James Nelson Goodsell, the Monitor's veteran Latin American correspondent, wrote about one of the globe's most diverse and shifting region's with insight and sensitivity.
Over more than a quarter century of covering the region, Mr. Goodsell, who passed on Feb. 1 at his home in Coral Gables, Fla., developed an extensive list of contacts. He was as well-known in the capitals of Quito and Bogata as among banana workers in Costa Rica and gauchos in Argentina.

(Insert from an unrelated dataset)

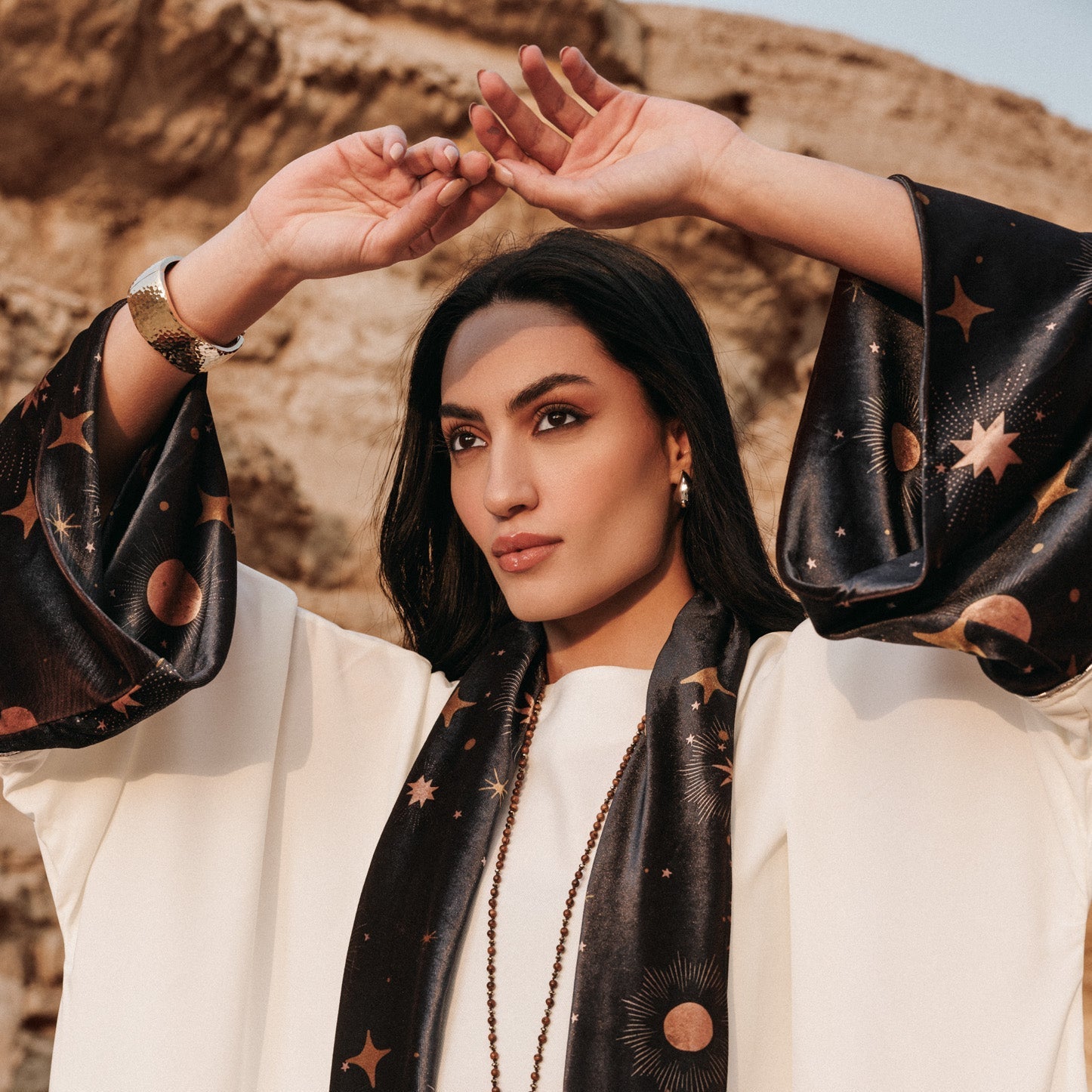 Heaven Kaftan - AB ESSENTIALS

He covered the region with a sense of empathy, explaining developments through Latin eyes as much as American ones. "Jim loved a good story, the Monitor, and his church," said David Cook, the Monitor's editor. "We remember him fondly for his groundbreaking coverage of Latin America, for his sense of adventure, and for his unfailing generosity in helping young journalists."
Goodsell took special pleasure in the fact his son, Paul, became a journalist. Goodsell began his journalism career at The Chicago Sun in 1945 and later was Central American correspondent for The New York Herald Tribune. He joined the Monitor in 1957, serving as Latin America correspondent from 1964 to 1985.
During a leave in 1984, he was chief correspondent for a public television series on Central America and the Caribbean. It captured a Peabody Award, broadcasting's equivalent of the Pulitzer Prize. Later, Goodsell served as the first anchor of Monitor Radio's daily afternoon broadcast and as a correspondent for Monitor Television.